The deceased had lost his employment. The employers agreed to pay him compensation for this in instalments. The contract provided for certain payments to be made to his widow if he died before all payments were complete. The deceased became bankrupt, but died a month later.
The employers indicated that they would begin making payments to the widow. The deceased’s official bankruptcy receiver made a claim for these sums. The widow opposed this, claiming those sums were now due to her under trust. The receiver argued that the deceased always had the right to intercept the payments. This made them part of his estate for the purposes of bankruptcy.
- Was the receiver entitled to claim the payments due to the widow?
The Court of Appeal held in favour of the widow. While the contract did not create a ‘trust of a promise’ in her favour, the receiver could not claim the sums. This was because the deceased’s estate had no power to claim the sums without being in breach of contract. Similarly, the debtor had no right to unilaterally change his mind in his lifetime and ask for the payments to be made to someone else after his death. The receiver could only claim sums which the deceased himself would have been able to claim.

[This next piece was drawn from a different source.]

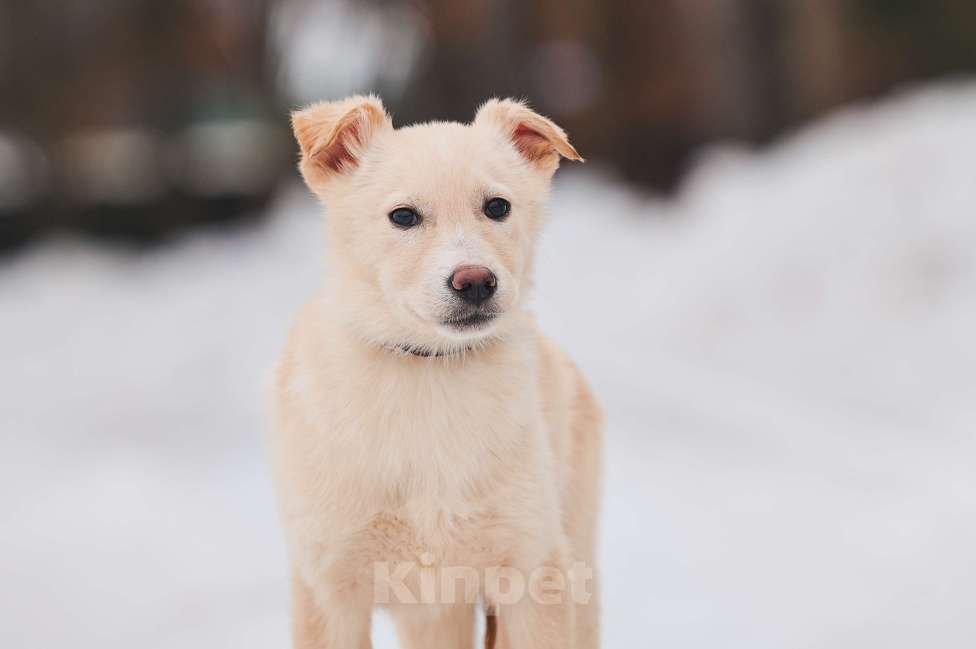 Собаки в Наро-Фоминске: Герцог якутенок команды ппбж Якутска Мальчик, Бесплатно - фото 9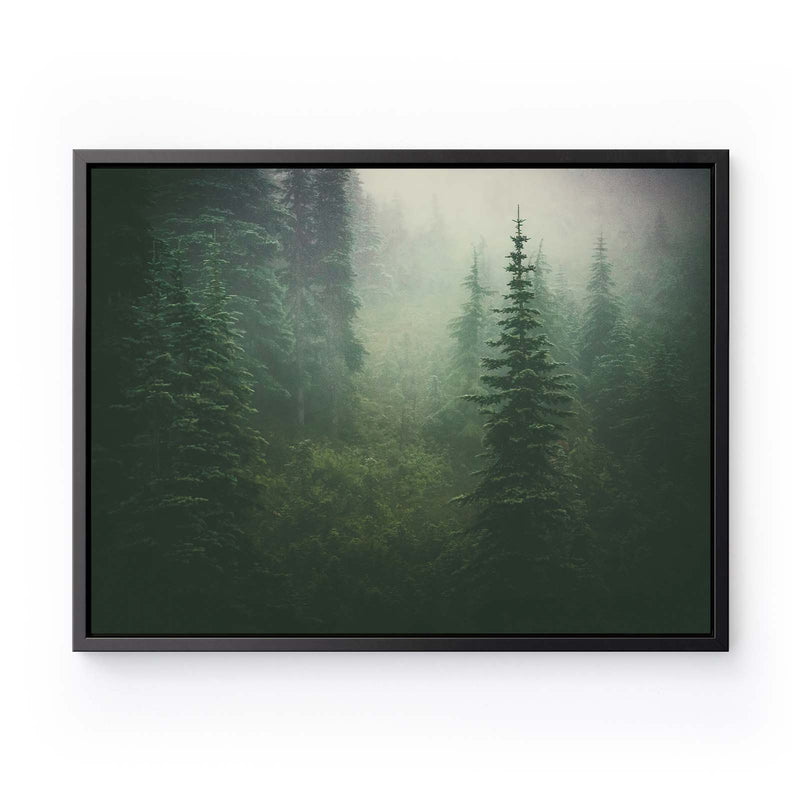 Hurricane Ridge - Forest Canvas Wall Art | Art Bloom Canvas Prints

This Case is Authority For…
Receivers in bankruptcy have no power to claim sums which the debtor himself could not have claimed.
Lord Greene noted that the wife had no power to sue for the payments if the employers had decided not to pay them to her. This was because she was not a party to the deceased’s contract. Any payments the employers made to her would be voluntary gifts.
This case shows the limits of the old ‘trust of a promise’ mechanism for escaping the effects of privity of contract. The court explained that they could not turn a contract into a trust where there was no evidence that the parties intended to create a trust. In the modern era, the wife could claim the sums under the Contracts (Rights of Third Parties) Act 1999.